In any direction! The distance between the Earth and the Sun is a careful balance between the mass of the Earth, the mass of the Sun, the speed with which the Earth orbits the Sun, and the strength of gravity. If any of these things change in any direction, the orbit of the Earth would change. If the orbit of the Earth changes, then the distance between the Earth and the Sun changes.
If we kept the strength of gravity the same, and increased the mass of the Sun, the Sun would exert a stronger gravitational force on everything that orbits it, and in the absence of any other changes in the solar system, would disturb the orbits of all of the planets, pulling them closer for at least part of their orbits. Our Earth has an almost perfectly circular orbit around the sun, but that’s not required to be the case – just look at the long, looping orbits of comets around our sun. If you tug on an object once (as you would, if you suddenly increased the mass of the sun), you’ll likely pull a circular orbit into a more oval, looping orbit.
If the Earth’s mass suddenly increased, we’d have a few problems here on earth, as our bodies are calibrated to work best when we’re dealing with exactly the amount of gravitational force that we have.

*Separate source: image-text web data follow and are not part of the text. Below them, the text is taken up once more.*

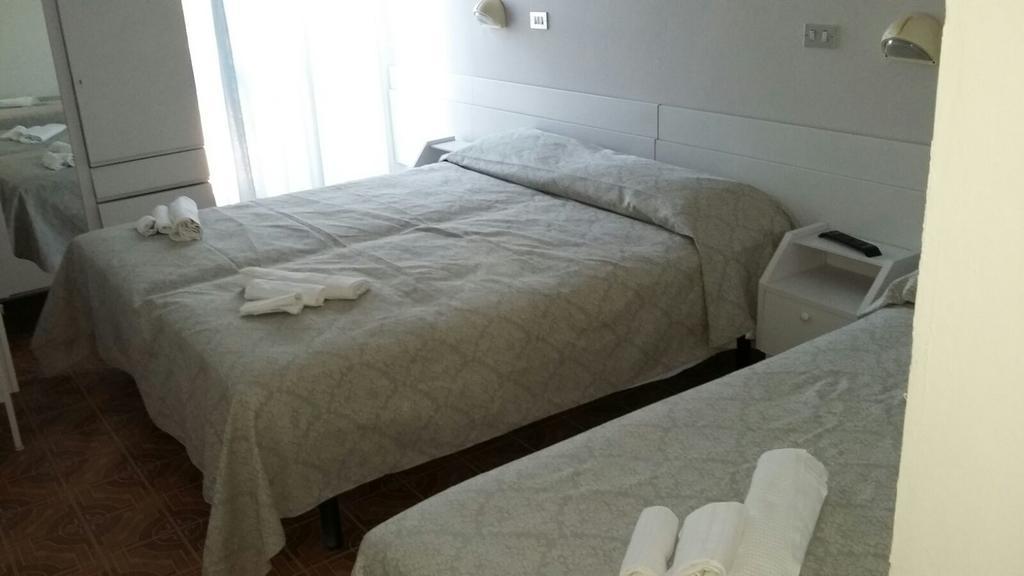 Hotel Ancora เชเซนาติโก ภายนอก รูปภาพ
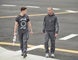Zwei Männer in grauer Arbeitskleidung mit großem 2020 Aufdruck von engelbert strauss.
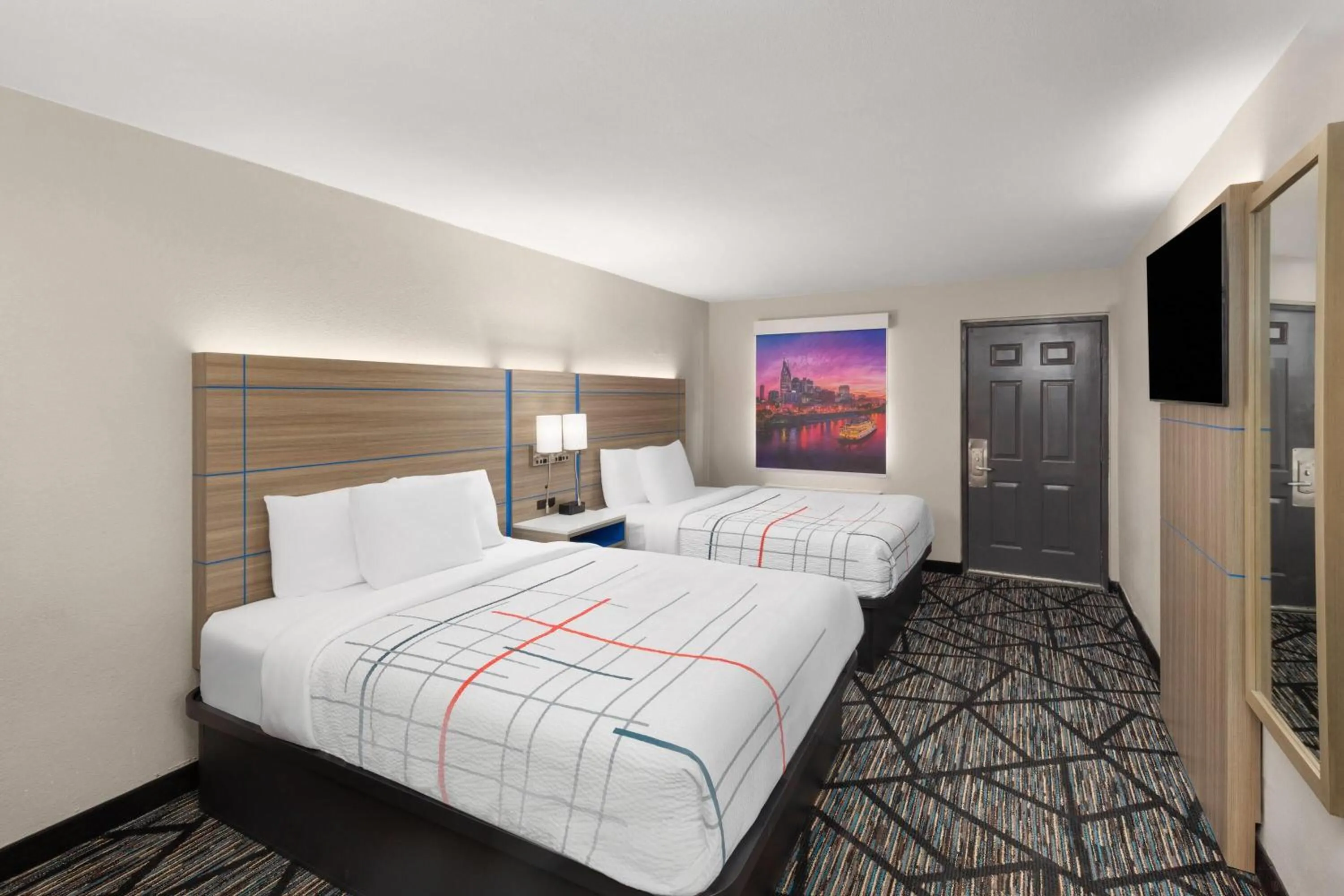 Photo of the whole room, Bed in La Quinta Inn by Wyndham Nashville South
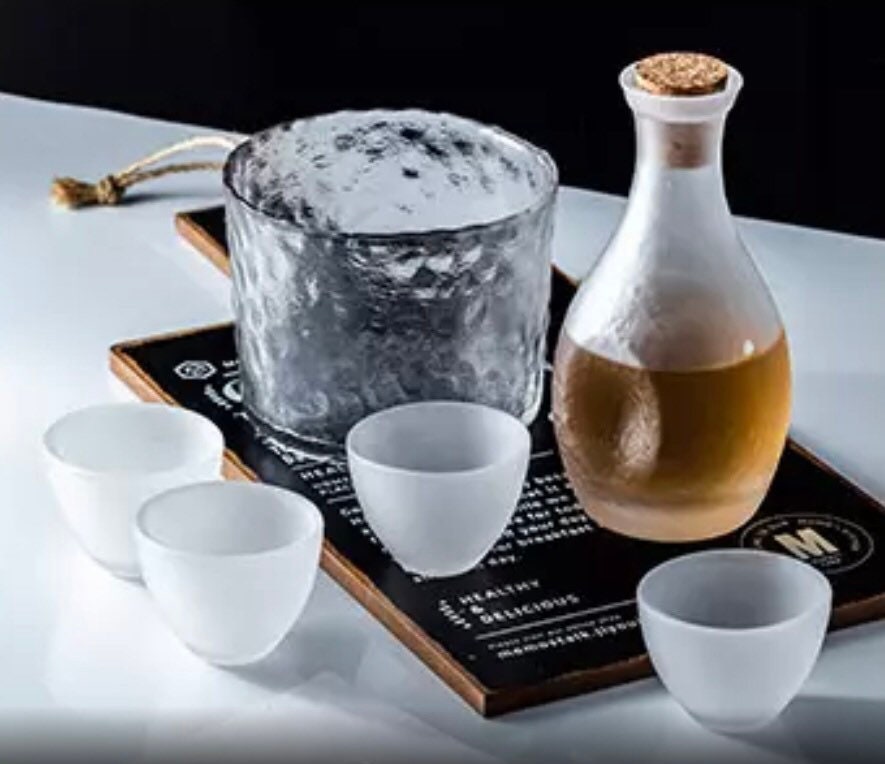Hammered Wine Decanter, Sake Set, Sake Decanter, Wine Glasses, Wine Chiller, Carafe and Glass Set, Wine Warmer, Gold Rim Glasses, Carafe Set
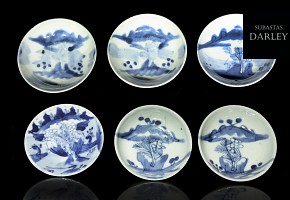 Small porcelain dishes, blue and white, Qing dynasty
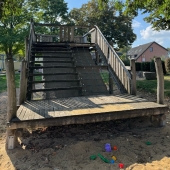 Bild vom Spielplatz anzeigen.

But on an orbital sense, the gravitational force between two objects depends on the mass of both the larger and the smaller object. So if we increase the mass of the smaller object (the Earth), that will increase the gravitational force between the Sun and the Earth, probably still pulling the Earth off of its circular orbit, but also pulling more strongly on the Sun, making the Sun wobble very slightly more as the Earth orbits around it.
It’s not hard to imagine ways of changing the distance between two objects before you get around to playing with the strength of gravity. However, changing the strength of gravity does the exact same kind of things to an orbit as changing the masses of the objects you’re interested in. Let’s say we increase the strength of gravity; that’s equivalent to making everything in the solar system more massive at once. That change would, in turn, mean that the strength of the gravitational pull between all objects gets stronger. The exact response of the orbits will depend on how different the masses are, but we can safely say that the Sun would be pulled into a more wobbly rotation around its own axis, and that the Earth would wind up closer to the Sun for at least part of the year.

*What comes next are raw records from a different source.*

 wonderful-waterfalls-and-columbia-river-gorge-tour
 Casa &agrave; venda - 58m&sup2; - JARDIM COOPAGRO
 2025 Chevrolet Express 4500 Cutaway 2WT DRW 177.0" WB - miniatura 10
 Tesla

If, on the other hand, we let gravity get fainter, the opposite happens. The pull between Earth and Sun grows weaker, and the planets would drift farther from the Sun, spending much more time at much greater distances from the Sun. If you’d like to play around with this more directly you can try out this solar system simulator (there are a lot of other setups you can tinker with).
So really, any change to the strength of gravity, or any change to the masses of the objects involved, would change the distance between the Earth and the Sun. However, changing the strength of gravity would have relatively catastrophic consequences for a whole series of physical processes that we currently rely on, so I wouldn’t recommend it as a scenario.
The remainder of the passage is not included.